The goals of tertiary education as stipulated in the Nigeria Education Policy document are among other things, to contribute to national development through high level manpower training and to develop the intellectual capacity of individuals to understand and appreciate ...


The goals of tertiary education as stipulated in the Nigeria Education Policy document are among other things, to contribute to national development through high level manpower training and to develop the intellectual capacity of individuals to understand and appreciate their local and external environment. 
It involves the acquisition of both physical and intellectual skills, which enable individuals to be self-reliant and useful members of society. As such, the major role of tertiary education through its institutions is that of manpower development or human capital, which involves the task of inculcating the skills, aptitude, attitude, knowledge, morals, values and creative ability.

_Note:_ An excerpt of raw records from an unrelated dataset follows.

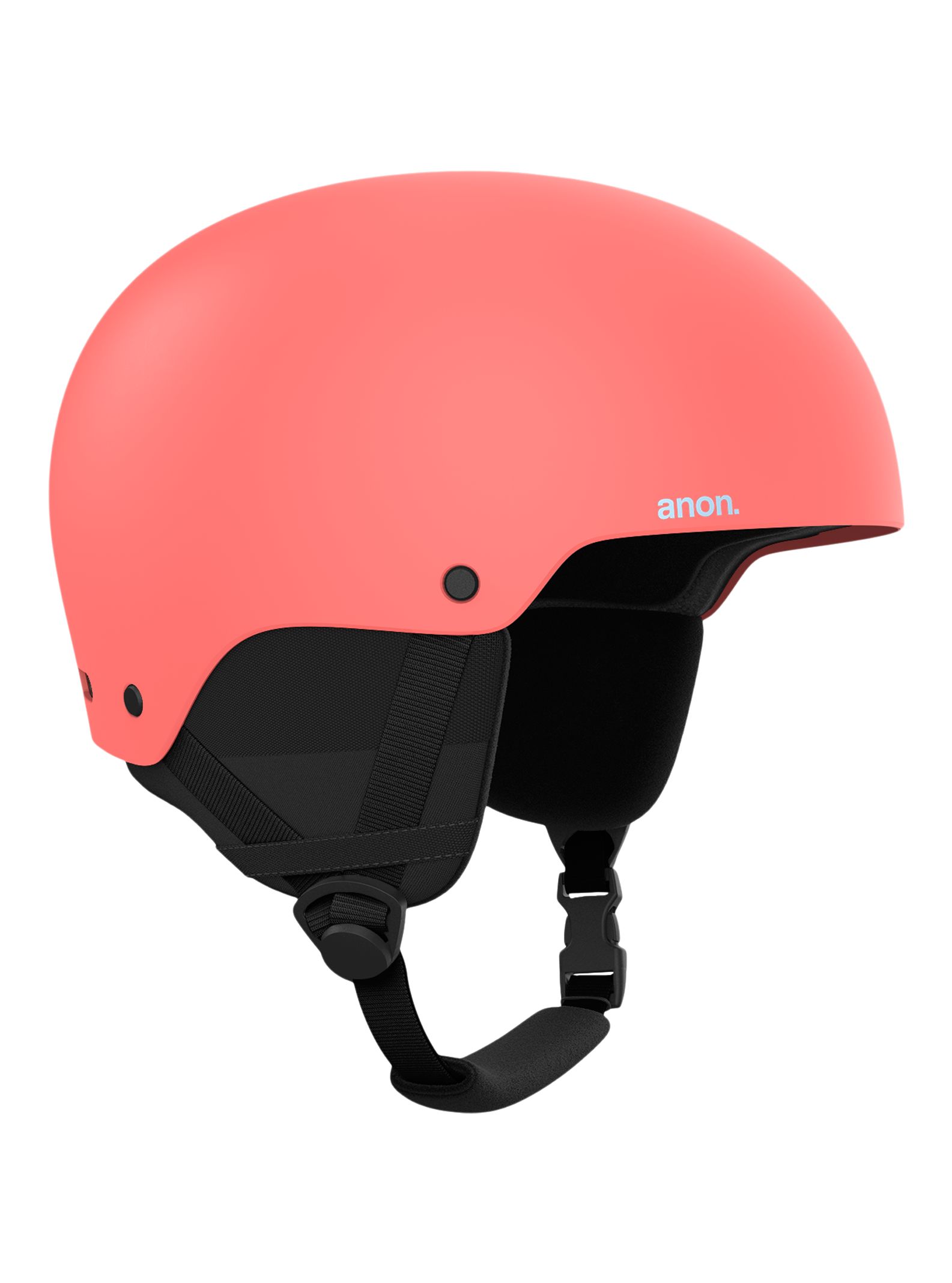 Anon Raider 3 Ski & Snowboard Helmet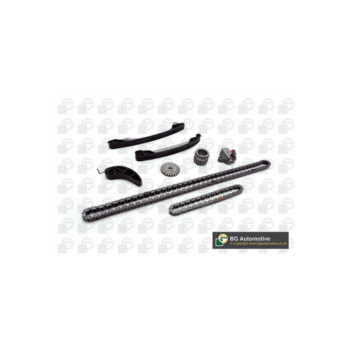 Image for Timing Chain Kit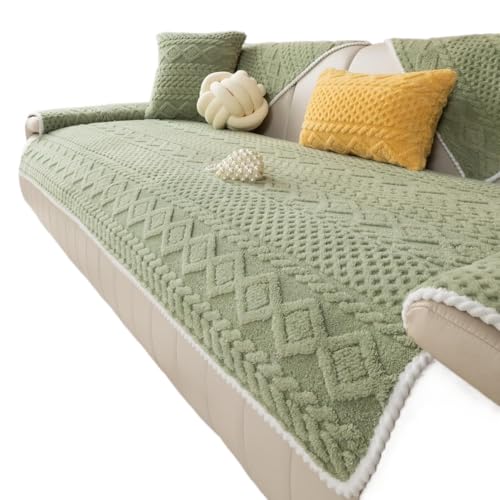 [SDTEHVM] P[uWJ[hvbV\t@Jo[ {w~A ӂӂ ~߃\t@Jo[  g ZNVi\t@XbvJo[ \ȉƋveN^[(Sage Green,43"x70")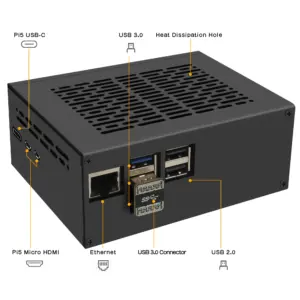 Sd4dc4bb1935a42c2934192b411fcc523J
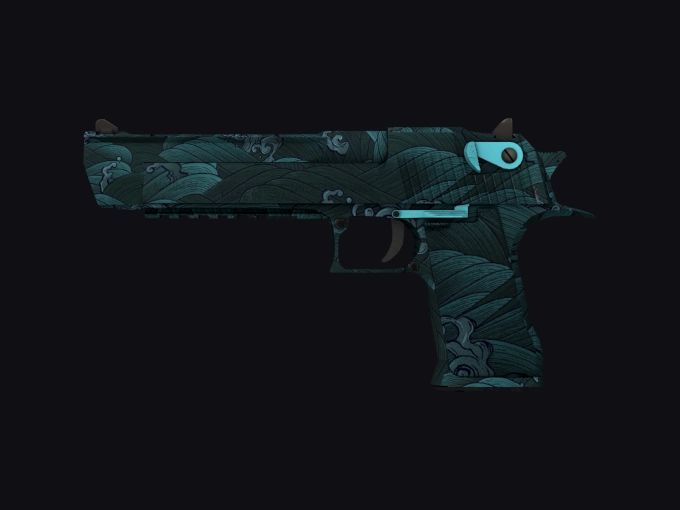 skin preview seed 995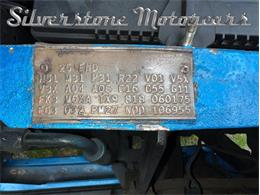 1970 Plymouth Fury III (CC-1847575) for sale in North Andover, Massachusetts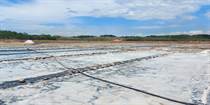 Farms and Acreages for Sale in Colorado De Abangares, Guanacaste $3,875,000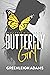 Butterfly Girl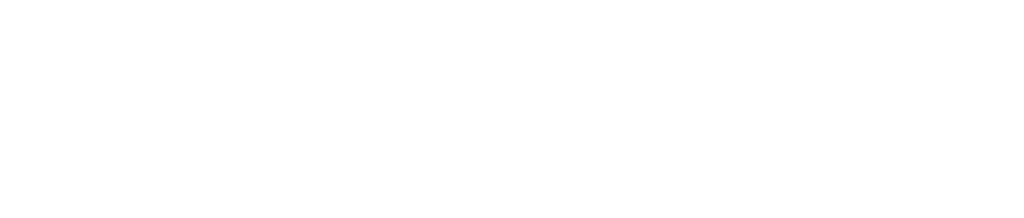 AppLica Store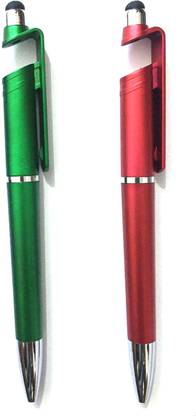 RLTECH Ball Pen Ball Pen
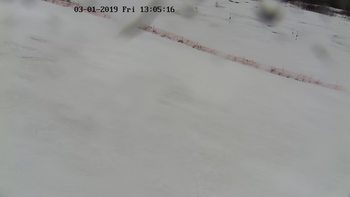 Харків 1 березня 2019 року, 2019-03-01 13:00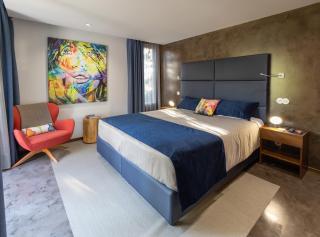 Vale de São Torcato Hotel Rural - Guimarães - 3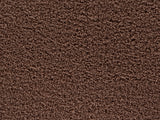 Moduļu dīvāns 670271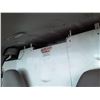 Image 66 : F5 --  2006 FORD ECONOLINE E350 SUPER DUTY CARGO , White, 226479 KM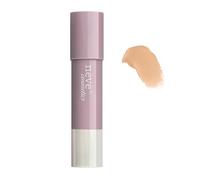 Neve Cosmetics Star System fondotinta in stick con applicatore colore Tan Neutral 4 ml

“They are also expected to promote research and contribute to the development of the host communities. In achieving these roles, there is need for effective teaching and learning, research development culture, effective staff development programs and dissemination of knowledge in Nigeria’s tertiary institutions.
These were the position of the Executive Secretary, Tertiary Education Trust Fund (TETFund), Arc. Sonny S.T. Echono. He spoke recently at the 18th Convocation Lecture of Enugu State University of Science and Technology, Enugu, Enugu State.
In a lecture titled, Education, Research and Human Development in Nigeria: The Challenges and Missing Link, Echono maintained that when properly harnessed, education, research and development represent a triple helix for advancing the frontiers of institutional and national development.
He added that the critical positions of education and research in sustainable development underscore the basic reason for inter and intra-regional collaborations among researchers.
According to the TETFund boss, research in higher institutions is necessary to enhance the institutions’ image and reputation as well as contribute to the indigenous knowledge base.
He said: “Good and effective research generated and incubated in our tertiary educational institutions will not only solve societal problems but also attract the attention of industry.  The latter, with the support of the government, will translate the products of research to goods and services to be consumed by citizens. 
“The end result is a higher standard of living and shared prosperity for all.  The added bonus will be the increased relevance of academic and research institutions to sustainable natural developments.”
Speaking on the nexus between education, research and human capital development, Echono noted that whether basic, applied or experimental, research and development are symbiotic and mutually reinforcing. 
According to him, important qualitative changes and improvements that had taken place in the labour force were the result of the impact of formal education that resulted in an increase in productivity levels.
“In recent times, knowledge and advanced skills remain critical determinants of a nation’s economic growth and standard of living, especially as the outcomes of learning are transformed into goods and services, greater institutional capacity, a more effective public sector and stronger civil society.
“According to a report of the World Bank, higher education is instrumental in fostering growth, reducing poverty and boosting shared prosperity. The report maintains that higher education benefits not only the individual but the entire educational system. Tertiary education is considered the highest level of education and critical to human capacity or capital development”, he said.
Echono however decried the challenges of research in Nigerian universities and higher institutions. He noted that in the post-colonial period, many countries in Africa, including Nigeria, believed that higher education was a leading instrument that would promote development.
“The founding fathers of the new African states had clearly understood what role higher education could play in the newly created countries. The year 1960 when Nigeria became independent was declared the year of Africa and referred to as the development decade and the role universities as drivers of development was made clear and this led to the establishment of national universities in several countries including Nigeria.
“Years later, it was argued that universities across Africa did nothing to change the narrative in terms of the development of their respective countries. In the 1990’s and 2000’s efforts were made to revitalize the role of higher education in the development of the African continent. It was in 2009 that the Association of African Universities organized a conference in Abuja, Nigeria, with a theme, ‘Sustainable Development in Africa: The Role of Higher Education’.
He frowned that the 1980’s and 1990’s saw an uncoordinated expansion of higher education in Nigeria with absent or decayed infrastructure, deteriorating work conditions and declining academic standards, which consequently,  weakened both the capacity for research and knowledge production.
To overcome the challenges, Echono called for a clear-cut philosophy and goal for sustainable development of the Nigeria, according research the seriousness and attention it deserves as well as addressing frequent disruption of academic calender.